Exercise instructions
Only the pictures are to be dropped, and the rest of the data should be copied exactly.

Given material
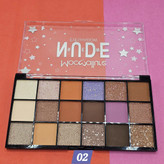 پلت سایه نود 18 رنگ سری جدید NUDE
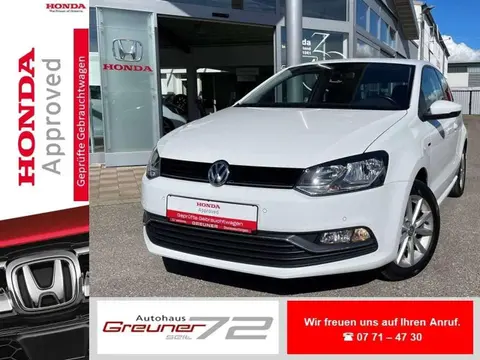 Annonce VOLKSWAGEN POLO Essence 2015 d'occasion 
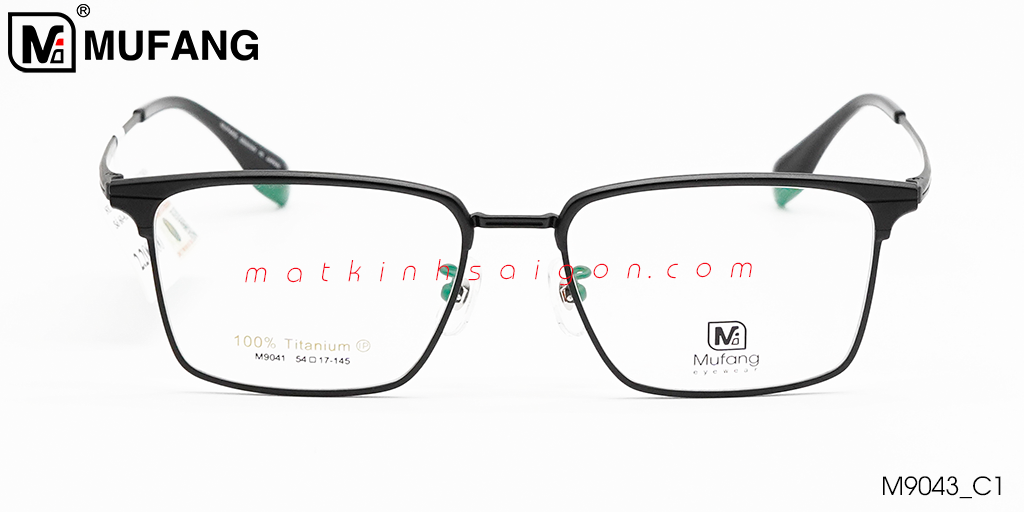 Gọng Kính B-Titanium Mufang M9041 C1 - Hình 3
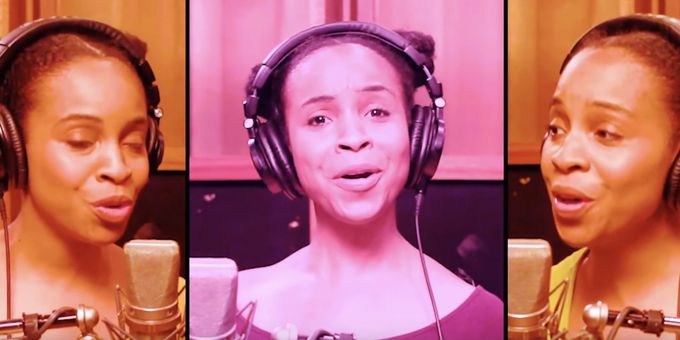 VIDEO: Watch Morgan Siobhan Green Sing from New Musical, BETWEEN THE LINES!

Output below
 پلت سایه نود 18 رنگ سری جدید NUDE
 Annonce VOLKSWAGEN POLO Essence 2015 d'occasion 
 Gọng Kính B-Titanium Mufang M9041 C1 - Hình 3
 VIDEO: Watch Morgan Siobhan Green Sing from New Musical, BETWEEN THE LINES!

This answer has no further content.